A 9-Week Randomized Trial Comparing a Chronotherapeutic Intervention (Wake and Light Therapy) to Exercise in Major Depressive Disorder Patients Treated With Duloxetine

Klaus Martiny, MD, PhD; Else Refsgaard; Vibeke Lund; Marianne Lunde; Lene Sørensen; Britta Thougaard; Lone Lindberg; and Per Bech, MD, DMSc

Published: September 15, 2012

Article Abstract

Objective: The onset of action of antidepressants often takes 4 to 6 weeks. The antidepressant effect of wake therapy (sleep deprivation) comes within hours but carries a risk of relapse. The objective of this study was to investigate whether a new chronotherapeutic intervention combining wake therapy with bright light therapy and sleep time stabilization could induce a rapid and sustained augmentation of response and remission in major depressive disorder.

Method: 75 adult patients with DSM-IV major depressive disorder, recruited from psychiatric wards, psychiatric specialist practices, or general medical practices between September 2005 and August 2008, were randomly assigned to a 9-week chronotherapeutic intervention using wake therapy, bright light therapy, and sleep time stabilization (n=37) or a 9-week intervention using daily exercise (n=38). Patients were evaluated at a psychiatric research unit. The study period had a 1-week run-in phase in which all patients began treatment with duloxetine. This phase was followed by a 1-week intervention phase in which patients in the wake therapy group did 3 wake therapies in combination with daily morning light therapy and sleep time stabilization and patients in the exercise group began daily exercise. This phase was followed by a 7-week continuation phase with daily light therapy and sleep time stabilization or daily exercise. The 17-item Hamilton Depression Rating Scale was the primary outcome measure, and the assessors were blinded to patients’ treatment allocation.

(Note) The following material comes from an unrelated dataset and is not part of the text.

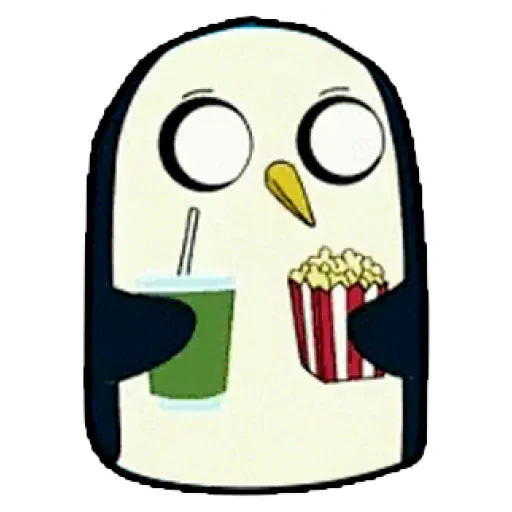 Gunter (Adventure Times)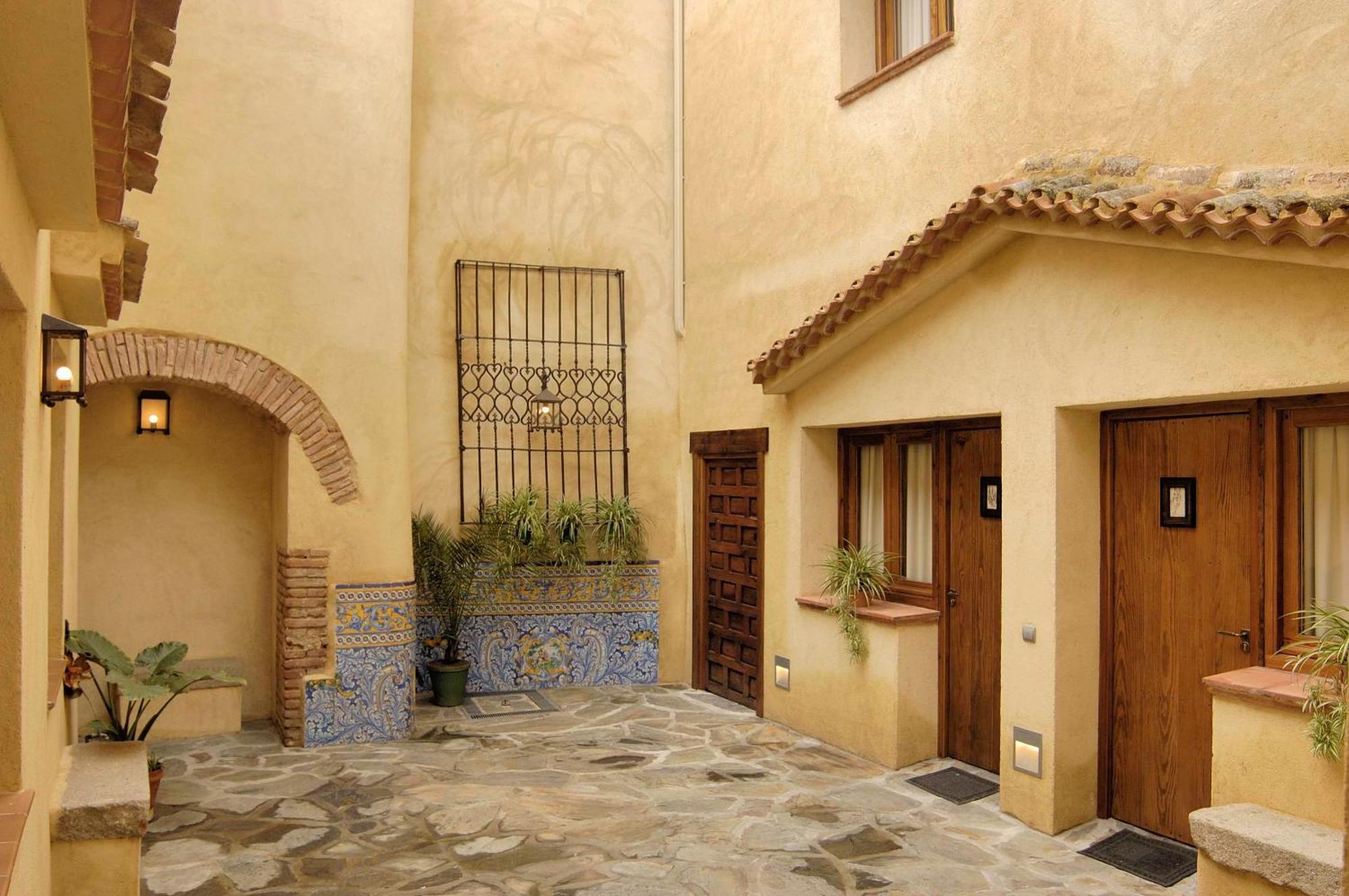 Casa Rural La Botica Oropesa Exteriér fotografie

Results: Both groups responded well to treatment. Patients in the wake therapy group did, however, have immediate and clinically significantly better response and remission compared to the exercise group. Thus, immediately after the intervention phase (week 2), response was obtained in 41.4% of wake therapy patients versus 12.8% of exercise patients (odds ratio [OR]=4.8; 95% CI, 1.7-13.4; P=.003), and remission was obtained in 23.9% of wake therapy patients versus 5.4% of exercise patients (OR=5.5; 95% CI, 1.7-17.8; P=.004). These superior response and remission rates obtained by the wake therapy patients were sustained for the whole study period. At week 9, response was obtained in 71.4% of wake therapy patients versus 47.3% of exercise patients (OR=2.8; 95% CI, 1.1-7.3; P=.04), and remission was obtained in 45.6% of wake therapy patients and 23.1% of exercise patients (OR=2.8; 95% CI, 1.1-7.3, P=.04). All treatment elements were well tolerated.

Conclusions: Patients treated with wake therapy in combination with bright light therapy and sleep time stabilization had an augmented and sustained antidepressant response and remission compared to patients treated with exercise, who also had a clinically relevant antidepressant response.

Trial Registration: ClinicalTrials.gov identifier: NCT00149110

J Clin Psychiatry 2012;73(9):1234-1242

Submitted: December 29, 2011; accepted May 9, 2012(doi:10.4088/JCP.11m07625).